L'objectif du projet South Stream était d'alimenter l'Europe en gaz de manière directe, sans passer par le territoire ukrainien, suite aux troubles entre la Russie et l'Ukraine. L'Allemagne, la France et l'Italie faisaient partie de ce projet en tant que partenaires stratégiques du projet South Stream. La société créée pour développer et contrôler cet ambitieux projet avait pour nom South Stream AG. Elle était détenue à 50% par Gazprom, à 20% par le groupe italien ENI, à 15% par le groupe français EDF et les 15% restants étaient détenus par le groupe allemand Wintershall.

Réactions ambivalentes

Au cours d'une visite officielle à Ankara le 1er décembre dernier, Poutine a déclaré avoir été contraint d'abandonner le projet South Stream en partenariat avec l'UE. En revanche, Poutine a annoncé une nouvelle coopération stratégique avec la Turquie. Moscou réduira aussi les prix du gaz pour les consommateurs turcs de 6% à partir du 1er janvier 2015. « Nous sommes également prêts à faciliter le projet d'approvisonnement en gaz conjointement à l'instauration de nos projets en commun à grande échelle », a ajouté Poutine. Il a aussi mis en avant le fait que la Russie est prête à construire un nouveau gazoduc afin de satisfaire la demande en gaz de la Turquie. Une association très certainement stratégique puisque la frontière entre la Turquie et la Grèce est décisive pour assurer la distribution du gaz dans le sud de l'Europe.

Par ailleurs, le président russe a examiné la possibilité de tensions entre la Bulgarie et l'UE, en soulignant le contrôle de l'UE sur la souveraineté de la Bulgarie et en invitant fortement le gouvernement bulgare à réagir. « Si la Bulgarie est privée de son droit d'agir en tant qu'État souverain, laissez-lui au moins réclamer l'argent qui lui est dû de la part de la Commission européenne pour les revenus non perçus. Les recettes budgétaires directes que la Bulgarie aurait pu touchées du passage du [gazoduc] représenteraient au moins 400 millions d'euros par an », a encouragé Poutine.

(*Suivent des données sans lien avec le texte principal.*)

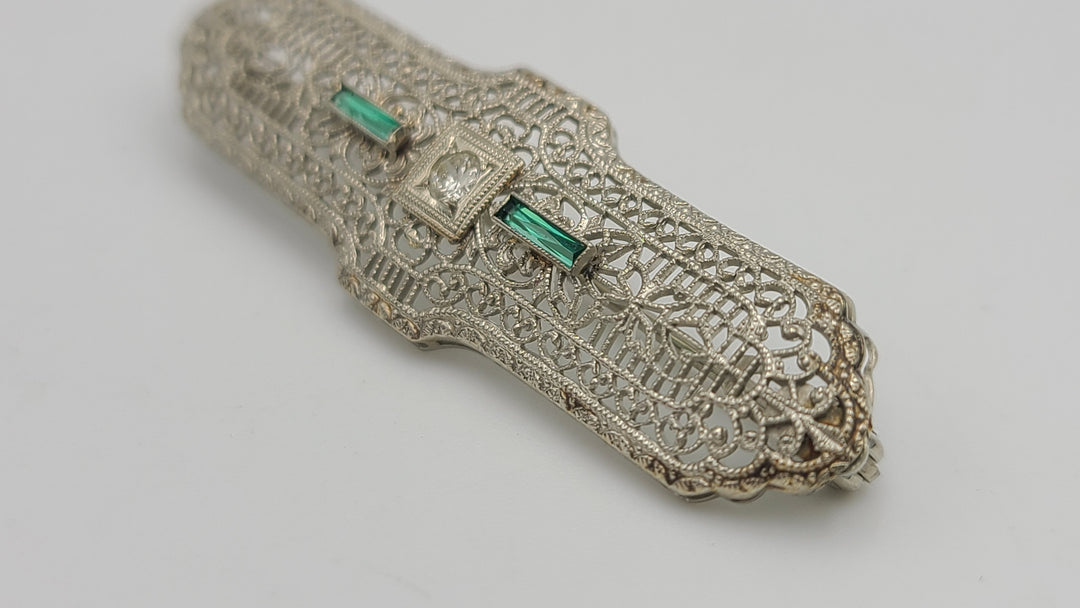 m674 Lovely Vintage 1920s Ladies Diamond and Emerald Bar Pin in 10kt White Gold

Le Président de la Commission européenne, Jean-Claude Juncker a réagi en déclarant qu'il n'accepterait pas le chantage de la Russie à l'égard des Bulgares. Il a également ajouté que « le gazoduc South Stream pouvait être construit ». Cependant, l'ex-commissaire européen à l'Énergie, Gunther Oettinger, a expliqué que le projet South Stream n'avancerait pas tant que la Russie ne reconnaîtrait pas le nouveau gouvernement de Kiev. Les pays membres de l'Union européenne essayent de réduire leur dépendance vis-à-vis de l'énergie russe. Jérôme Ferrier, Président de l'Union Internationale du Gaz, a cependant annoncé que « l'Europe ne peut pas complètement se passer du gaz russe ».

Du point de vue bulgare, le Premier ministre Bojiko Borisov a signalé que la Russie n'avait pas encore fait d'annonce officielle quant à l'annulation du projet. En outre, Borisov a également manifesté la volonté de la Bulgarie ainsi que celle de la Commission de continuer à avancer sur ce projet. Une chose est certaine : la tactique de la Russie pour dégrader les relations au sein de l'UE fonctionne, non seulement à cause du soudain virage vis-à-vis du partenariat commercial avec la Turquie mais aussi à cause du présumé financement de Poutine aux partis européens d'extrême droite.